The Balvenie 12 year old single barrel

What is craft? I find myself debating the meaning of these five letters that we see attached to so many releases nowadays, whether it is promotional literature or the phrases that adorn the packing. Craft is everywhere, and craftsmanship is a feature that many of us subscribe to and appreciate.


he Balvenie like to make a big deal of their craft and dedication to the art of whisky making. Is craft merely having coopers on site or a small percentage of your malt being traditionally floor malted? What is craft? Is it such examples as these, or when we discuss craft in whisky, do we actually mean something else? Or have we possibly reached a point of confusion wherein no one truly knows anymore?

When in doubt, I always turn to the Oxford English dictionary for enlightenment, and it offers a handful of meanings:

Work or objects made by hand.
Skills involved in carrying out one’s work.
Denoting or relating to food or drink made in a traditional or non-mechanized way by an individual or a small company.

So again, various meanings and connotations as to what craft actually means. In essence, it seems to be a more hands-on, authentic approach, deviating from the modern ways, and returning control to human touch and intuition. However, whilst all these things do resonate with craft, there is the other factor that I often feel co-exists with such ethics: one of size and scale.
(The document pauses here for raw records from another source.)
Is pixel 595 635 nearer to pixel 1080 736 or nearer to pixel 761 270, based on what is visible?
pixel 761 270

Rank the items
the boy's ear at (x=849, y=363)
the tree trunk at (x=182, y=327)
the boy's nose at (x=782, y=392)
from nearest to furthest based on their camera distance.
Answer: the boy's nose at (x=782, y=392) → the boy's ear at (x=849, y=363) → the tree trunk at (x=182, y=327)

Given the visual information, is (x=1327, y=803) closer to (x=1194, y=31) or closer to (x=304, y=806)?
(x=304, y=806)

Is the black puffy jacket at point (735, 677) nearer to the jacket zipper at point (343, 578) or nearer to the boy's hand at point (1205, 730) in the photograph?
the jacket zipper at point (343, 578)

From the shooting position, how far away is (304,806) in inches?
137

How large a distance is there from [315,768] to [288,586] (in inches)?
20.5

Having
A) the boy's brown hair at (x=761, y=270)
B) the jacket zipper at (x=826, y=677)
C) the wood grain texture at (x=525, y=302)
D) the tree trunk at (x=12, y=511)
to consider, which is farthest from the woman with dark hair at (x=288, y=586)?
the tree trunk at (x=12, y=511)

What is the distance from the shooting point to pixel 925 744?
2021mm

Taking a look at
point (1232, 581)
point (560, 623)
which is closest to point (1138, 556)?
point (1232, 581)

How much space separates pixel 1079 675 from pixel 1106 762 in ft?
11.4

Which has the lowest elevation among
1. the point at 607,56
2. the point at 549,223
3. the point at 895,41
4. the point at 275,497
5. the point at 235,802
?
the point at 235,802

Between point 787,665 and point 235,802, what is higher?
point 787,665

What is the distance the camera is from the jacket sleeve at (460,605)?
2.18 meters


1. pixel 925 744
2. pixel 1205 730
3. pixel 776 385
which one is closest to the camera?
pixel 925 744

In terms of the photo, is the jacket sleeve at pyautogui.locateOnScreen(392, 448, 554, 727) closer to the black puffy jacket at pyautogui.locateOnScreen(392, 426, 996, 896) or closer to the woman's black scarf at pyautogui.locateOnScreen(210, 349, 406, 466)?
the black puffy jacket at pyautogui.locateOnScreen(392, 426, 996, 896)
Give or take, the Balvenie is capable of producing over 5 million litres annually. This frankly isn’t craft, despite the skills of those involved. I’m not knocking their years of dedication or efforts spent learning unique skills to perform their roles. Yes, it’s a personal opinion, but for an enthusiast such as myself, the ‘craft’ are smaller distilleries that are shunning the formula of efficiency and production over flavour.
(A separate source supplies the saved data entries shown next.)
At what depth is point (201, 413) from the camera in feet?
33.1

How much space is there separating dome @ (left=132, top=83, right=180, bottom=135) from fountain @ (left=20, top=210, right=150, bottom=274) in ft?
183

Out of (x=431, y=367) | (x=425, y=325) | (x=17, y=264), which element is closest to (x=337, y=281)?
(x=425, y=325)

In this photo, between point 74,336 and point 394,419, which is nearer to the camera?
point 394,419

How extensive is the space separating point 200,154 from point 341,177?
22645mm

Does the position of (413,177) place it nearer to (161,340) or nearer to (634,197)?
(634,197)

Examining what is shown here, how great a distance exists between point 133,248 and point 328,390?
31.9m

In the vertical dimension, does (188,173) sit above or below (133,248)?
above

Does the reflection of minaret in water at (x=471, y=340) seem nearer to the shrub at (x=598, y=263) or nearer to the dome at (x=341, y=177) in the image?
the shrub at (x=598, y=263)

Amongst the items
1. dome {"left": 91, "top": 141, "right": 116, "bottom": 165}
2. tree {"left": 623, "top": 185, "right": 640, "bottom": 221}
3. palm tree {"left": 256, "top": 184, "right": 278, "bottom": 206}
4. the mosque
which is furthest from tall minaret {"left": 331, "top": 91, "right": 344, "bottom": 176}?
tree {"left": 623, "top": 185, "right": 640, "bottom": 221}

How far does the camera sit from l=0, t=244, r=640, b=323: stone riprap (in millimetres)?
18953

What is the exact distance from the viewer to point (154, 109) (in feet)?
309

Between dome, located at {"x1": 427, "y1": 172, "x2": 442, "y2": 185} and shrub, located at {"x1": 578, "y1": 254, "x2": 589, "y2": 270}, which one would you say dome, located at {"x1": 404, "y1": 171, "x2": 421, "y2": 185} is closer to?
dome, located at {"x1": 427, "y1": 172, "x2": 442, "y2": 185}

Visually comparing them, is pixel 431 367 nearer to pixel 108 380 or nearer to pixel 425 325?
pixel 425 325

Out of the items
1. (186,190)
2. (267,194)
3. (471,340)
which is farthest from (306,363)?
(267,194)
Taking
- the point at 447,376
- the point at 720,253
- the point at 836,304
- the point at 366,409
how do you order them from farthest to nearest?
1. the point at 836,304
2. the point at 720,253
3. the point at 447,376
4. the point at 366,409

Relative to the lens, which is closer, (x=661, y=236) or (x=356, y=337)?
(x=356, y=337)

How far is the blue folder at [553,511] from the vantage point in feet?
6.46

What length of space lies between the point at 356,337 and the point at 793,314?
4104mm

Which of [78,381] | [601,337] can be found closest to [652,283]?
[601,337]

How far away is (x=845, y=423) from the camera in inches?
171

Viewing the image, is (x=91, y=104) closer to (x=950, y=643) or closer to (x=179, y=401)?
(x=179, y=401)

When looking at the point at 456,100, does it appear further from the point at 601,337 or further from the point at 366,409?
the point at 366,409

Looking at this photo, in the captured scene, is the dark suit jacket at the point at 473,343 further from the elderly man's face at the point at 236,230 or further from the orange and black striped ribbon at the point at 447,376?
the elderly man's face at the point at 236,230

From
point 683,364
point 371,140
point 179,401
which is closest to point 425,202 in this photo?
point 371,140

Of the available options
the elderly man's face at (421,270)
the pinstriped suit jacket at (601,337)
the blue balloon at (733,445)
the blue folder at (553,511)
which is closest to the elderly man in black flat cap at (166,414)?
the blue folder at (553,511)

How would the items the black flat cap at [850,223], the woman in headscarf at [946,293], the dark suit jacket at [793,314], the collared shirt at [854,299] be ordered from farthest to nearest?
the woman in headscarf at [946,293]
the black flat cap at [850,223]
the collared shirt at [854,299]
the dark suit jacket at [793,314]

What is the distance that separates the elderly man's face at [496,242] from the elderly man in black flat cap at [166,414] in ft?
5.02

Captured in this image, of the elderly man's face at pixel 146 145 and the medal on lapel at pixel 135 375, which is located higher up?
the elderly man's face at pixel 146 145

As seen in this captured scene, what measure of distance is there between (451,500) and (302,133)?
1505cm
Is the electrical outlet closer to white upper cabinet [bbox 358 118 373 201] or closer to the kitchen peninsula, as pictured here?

It’s this new wave of craft (i.e. small scale) distilleries that cannot compete with the big boys and never will. The intelligent distilleries know and understand this – so what approach do they take? They look at regionality, provenance and flavour. After all, every distillery seems to use the best casks, so much so that you question where the bad ones end up. Possibly your local garden centre? Maybe Jura? Every distillery uses the purest water and the most flavoursome grain, even though the majority buy the latest high-yielding grain, engineered for maximum effect and grown by farmers from the UK and beyond.

In effect, the craft distilleries are bringing the whisky home. As consumers, we’re all a little jaded, I feel, from the onslaught of average and benign whiskies. These come in all shapes and sizes, matched by the rising cost of making a purchase. Do I feel inclined by purchase something laced in artificial colouring or bottled at 40% or 43%, minus an age statement or any real tangible information about the contents? Truthfully, I’m becoming less inclined, and have been walking away from more and more potential purchases. I want flavour, I want provenance, and I want to support distilleries that are showcasing and pursuing elements within whisky of which I wish to see more.
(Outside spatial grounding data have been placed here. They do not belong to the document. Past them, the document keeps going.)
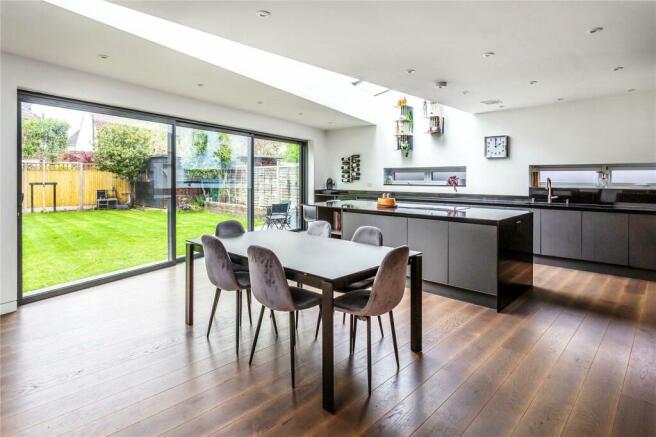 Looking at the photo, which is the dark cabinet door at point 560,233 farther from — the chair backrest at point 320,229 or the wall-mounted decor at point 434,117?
the chair backrest at point 320,229

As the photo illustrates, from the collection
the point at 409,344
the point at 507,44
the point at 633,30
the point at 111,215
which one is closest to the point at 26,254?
the point at 111,215

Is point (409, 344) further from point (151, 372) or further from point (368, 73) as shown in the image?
point (368, 73)

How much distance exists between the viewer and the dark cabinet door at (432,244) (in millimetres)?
4020

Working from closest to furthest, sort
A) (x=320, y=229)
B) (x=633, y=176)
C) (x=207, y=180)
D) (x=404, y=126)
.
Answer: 1. (x=320, y=229)
2. (x=633, y=176)
3. (x=207, y=180)
4. (x=404, y=126)

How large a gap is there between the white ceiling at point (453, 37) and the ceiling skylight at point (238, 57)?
20.3 inches

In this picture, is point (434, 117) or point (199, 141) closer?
point (199, 141)

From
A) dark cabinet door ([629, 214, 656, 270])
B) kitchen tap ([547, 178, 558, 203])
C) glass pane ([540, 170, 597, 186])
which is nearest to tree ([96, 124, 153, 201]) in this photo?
kitchen tap ([547, 178, 558, 203])

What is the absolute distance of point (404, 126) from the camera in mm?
7289

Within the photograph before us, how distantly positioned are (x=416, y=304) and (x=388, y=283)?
A: 65 centimetres

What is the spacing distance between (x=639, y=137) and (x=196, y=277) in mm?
6285

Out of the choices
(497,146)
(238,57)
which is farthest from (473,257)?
(238,57)

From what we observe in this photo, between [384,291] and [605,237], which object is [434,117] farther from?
[384,291]

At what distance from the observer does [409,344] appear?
2.90 meters

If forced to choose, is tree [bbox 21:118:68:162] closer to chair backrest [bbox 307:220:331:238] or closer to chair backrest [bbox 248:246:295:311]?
chair backrest [bbox 307:220:331:238] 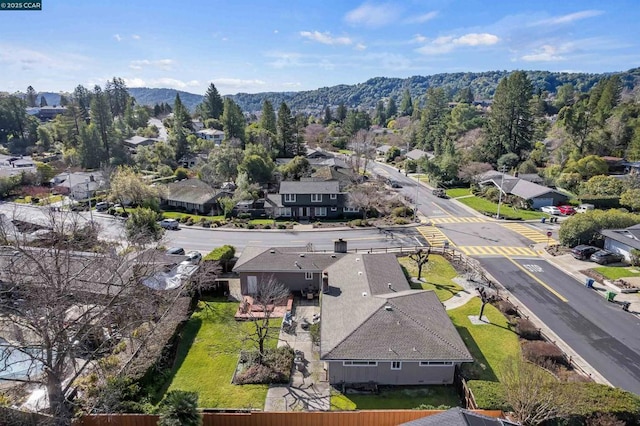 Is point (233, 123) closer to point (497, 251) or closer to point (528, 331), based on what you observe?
point (497, 251)

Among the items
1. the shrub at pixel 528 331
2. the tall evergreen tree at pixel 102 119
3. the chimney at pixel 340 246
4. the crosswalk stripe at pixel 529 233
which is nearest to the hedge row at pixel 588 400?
the shrub at pixel 528 331

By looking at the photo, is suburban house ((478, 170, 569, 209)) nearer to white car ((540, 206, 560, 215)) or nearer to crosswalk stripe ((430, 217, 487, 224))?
white car ((540, 206, 560, 215))

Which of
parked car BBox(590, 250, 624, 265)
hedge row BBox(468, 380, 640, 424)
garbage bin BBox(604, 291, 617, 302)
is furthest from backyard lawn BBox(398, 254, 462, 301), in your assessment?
parked car BBox(590, 250, 624, 265)

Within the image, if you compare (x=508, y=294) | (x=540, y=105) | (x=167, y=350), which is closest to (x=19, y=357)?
(x=167, y=350)

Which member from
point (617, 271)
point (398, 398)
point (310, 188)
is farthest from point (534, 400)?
point (310, 188)

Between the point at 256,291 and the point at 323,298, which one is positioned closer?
the point at 323,298

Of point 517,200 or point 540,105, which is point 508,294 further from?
point 540,105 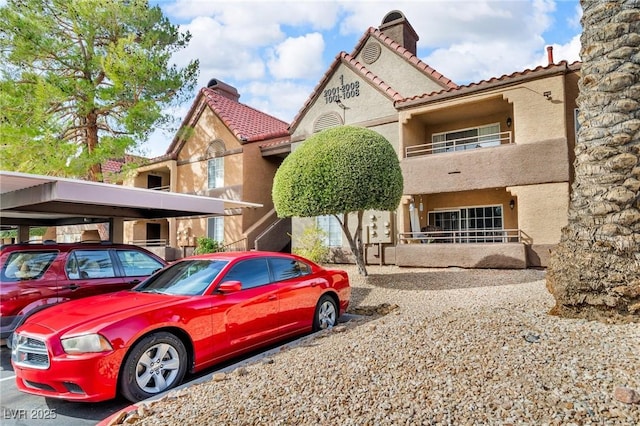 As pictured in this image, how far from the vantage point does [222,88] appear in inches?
975

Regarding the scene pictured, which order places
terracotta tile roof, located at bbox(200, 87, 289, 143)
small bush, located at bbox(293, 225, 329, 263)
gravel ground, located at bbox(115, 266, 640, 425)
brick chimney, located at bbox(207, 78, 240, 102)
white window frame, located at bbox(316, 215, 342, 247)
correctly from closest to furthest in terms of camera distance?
gravel ground, located at bbox(115, 266, 640, 425) → small bush, located at bbox(293, 225, 329, 263) → white window frame, located at bbox(316, 215, 342, 247) → terracotta tile roof, located at bbox(200, 87, 289, 143) → brick chimney, located at bbox(207, 78, 240, 102)

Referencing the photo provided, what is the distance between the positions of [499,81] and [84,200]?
13019mm

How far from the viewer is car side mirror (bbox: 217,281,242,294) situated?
5.32m

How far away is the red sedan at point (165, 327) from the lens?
4199 mm

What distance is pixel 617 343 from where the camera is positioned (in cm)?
445

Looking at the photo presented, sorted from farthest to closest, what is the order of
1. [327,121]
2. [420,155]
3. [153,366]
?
1. [327,121]
2. [420,155]
3. [153,366]

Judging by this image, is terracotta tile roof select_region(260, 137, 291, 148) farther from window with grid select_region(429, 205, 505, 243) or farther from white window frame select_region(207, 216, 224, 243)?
window with grid select_region(429, 205, 505, 243)

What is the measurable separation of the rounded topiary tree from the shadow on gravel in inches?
83.6

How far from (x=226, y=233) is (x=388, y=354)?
16.9 metres

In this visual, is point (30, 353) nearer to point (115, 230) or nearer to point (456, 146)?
point (115, 230)

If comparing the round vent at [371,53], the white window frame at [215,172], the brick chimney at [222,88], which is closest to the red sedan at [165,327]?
the round vent at [371,53]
The sheer scale of Balvenie means it’s as craft-orientated as the BMW in my driveway. I appreciate the skill and engineering involved, but the handcrafted nature and sheer personal touch and love have been sucked dry by the corporate machine. And whilst many of us do enjoy the consistency and reliability of a staple whisky, I’m more on the jagged edge in search of real character.

This particular single barrel is a 1st fill cask #6562 and is bottle number 291. Bottled at 47.8% strength, it is non chill-filtered. Although not the same cask you’ll find a sister release available via the Whisky Exchange for £54.75, or Amazon for £64.95.

The Balvenie 12 year old single barrel – Mark’s review

Colour: pale straw.

On the nose: lemonade, green grass or straw perhaps. Cardboard boxes. Parmaviolets. A little soapy.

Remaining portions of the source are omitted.